======== RECORDS SUPPLIED ========
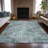 Machine Washable Indoor/Outdoor Xhevrie Teal Rug-111819507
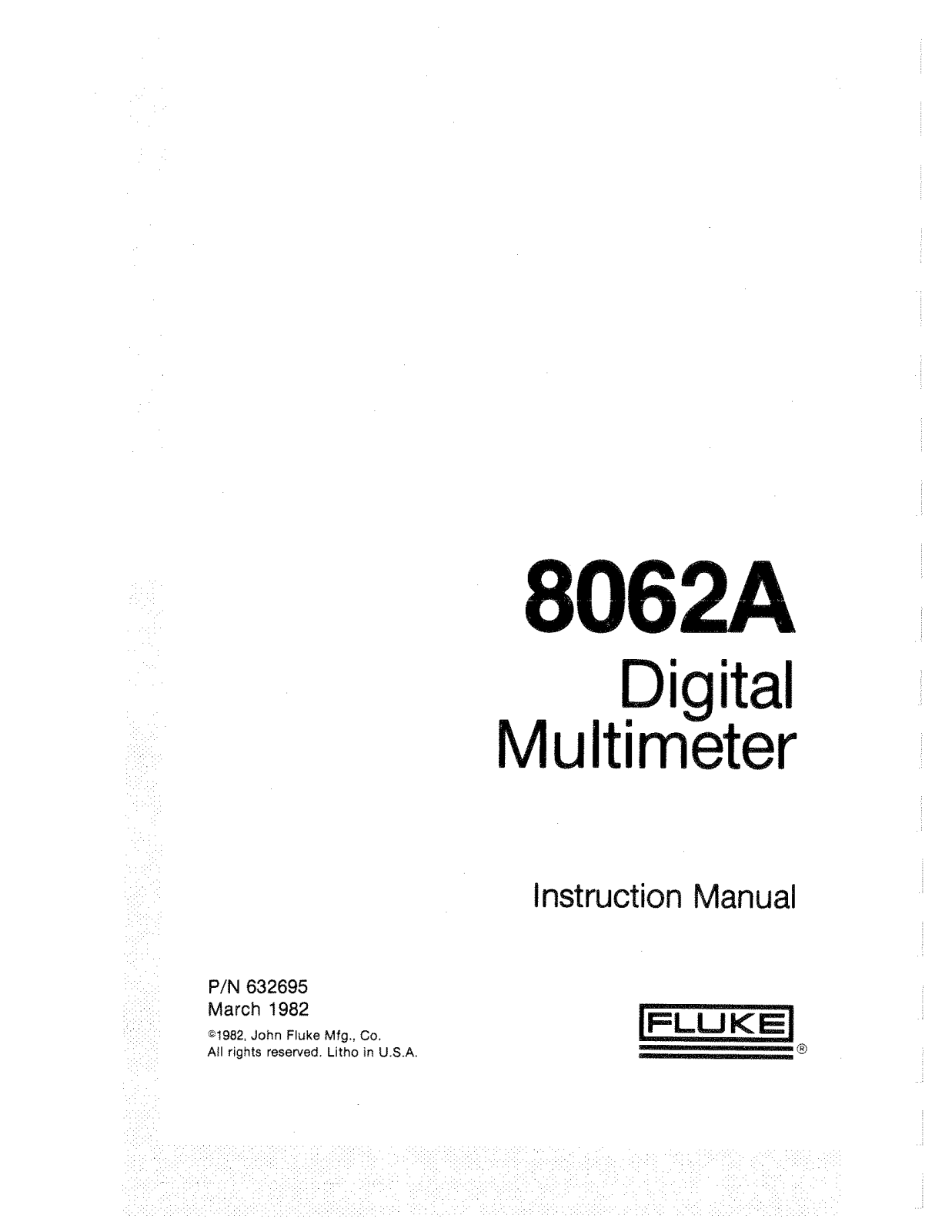 Fluke 8062A Service manual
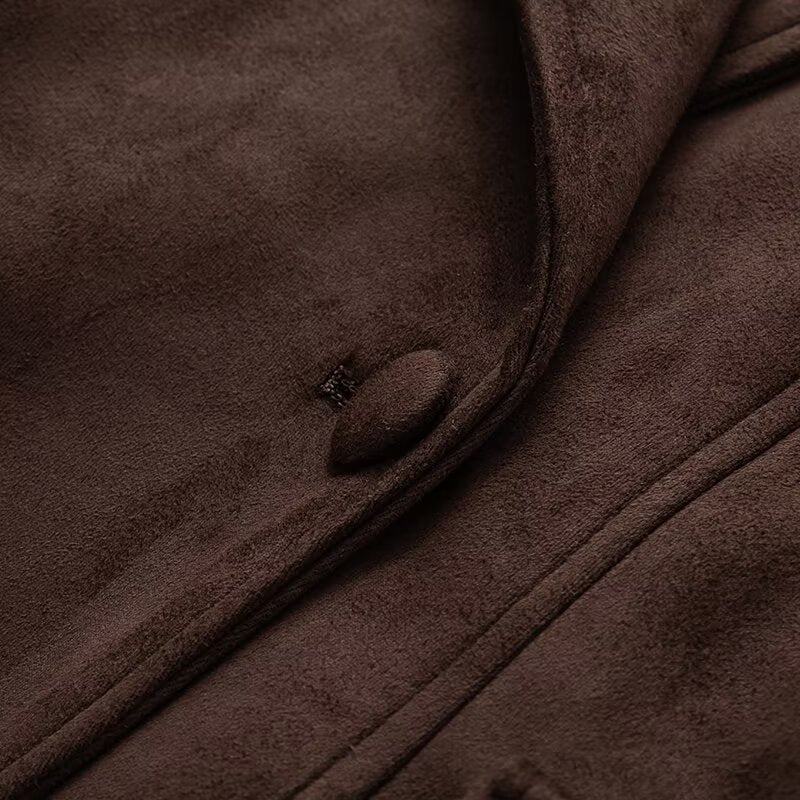 Elegant Faux Suede Jacket with Waist Belt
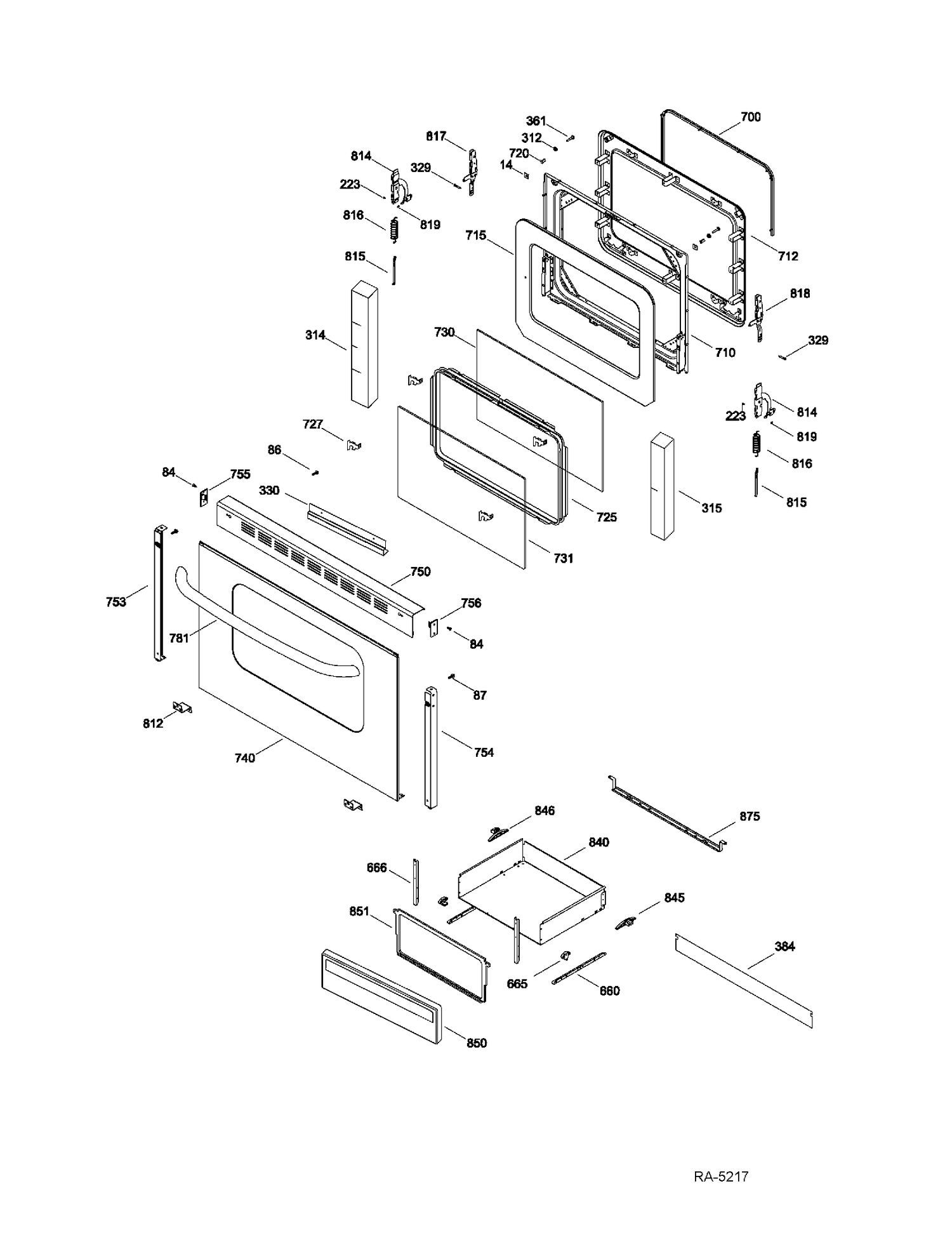 DOOR & DRAWER Diagram and Parts List for JCBP63SK5SS  General Electric Range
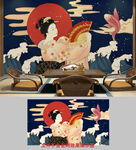 日式浮世绘仕女背景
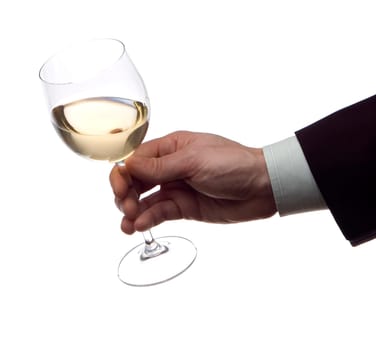 business men with glass of white wine on white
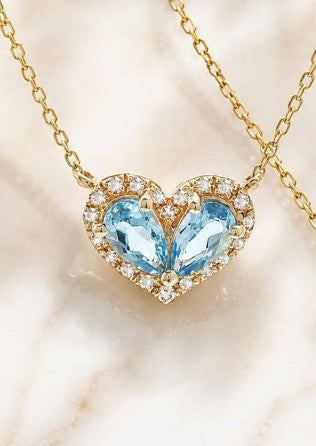 14K Yellow Gold Blue Topaz Diamond Heart Pendant with 18" Chain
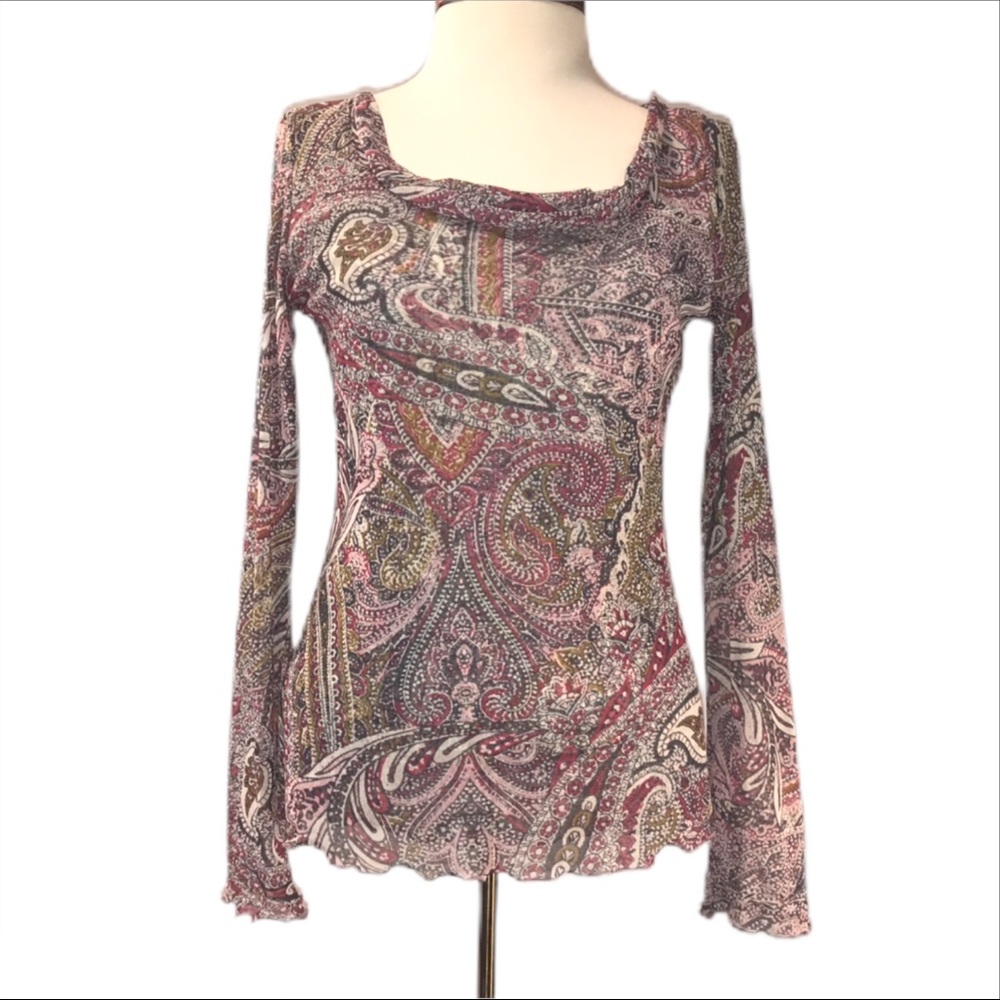 Karen Kane sheer paisley cowl ribboned sleeves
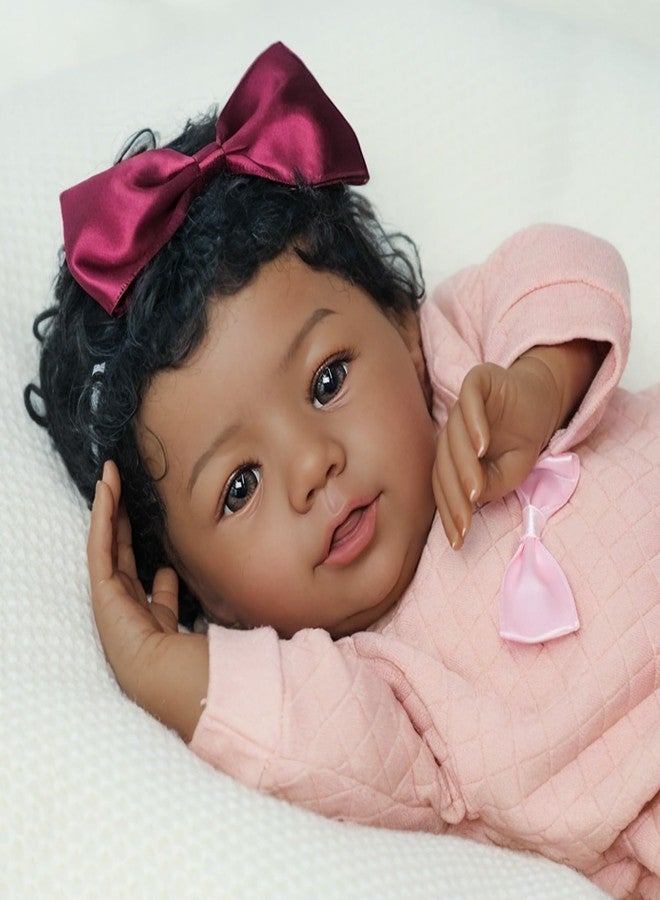 KSBD Realistic Reborn Baby Doll Black Girl - 18 Inch Lifelike African American Newborn, Real Life Handmade Soft Body with Accessories Gift Set for Kids 3+ - Image 3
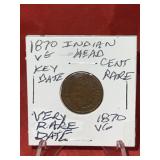 1870 Indian Head Cent Key Date Very Rare VG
========
* YOUR OBJECTIVE *
What you write should match the entries exactly, except that the pictures are dropped.

* SOLVED EXERCISE *
 Machine Washable Indoor/Outdoor Xhevrie Teal Rug-111819507
 Fluke 8062A Service manual
 Elegant Faux Suede Jacket with Waist Belt
 DOOR & DRAWER Diagram and Parts List for JCBP63SK5SS  General Electric Range
 日式浮世绘仕女背景
 business men with glass of white wine on white
 14K Yellow Gold Blue Topaz Diamond Heart Pendant with 18" Chain
 Karen Kane sheer paisley cowl ribboned sleeves
 KSBD Realistic Reborn Baby Doll Black Girl - 18 Inch Lifelike African American Newborn, Real Life Handmade Soft Body with Accessories Gift Set for Kids 3+ - Image 3
 1870 Indian Head Cent Key Date Very Rare VG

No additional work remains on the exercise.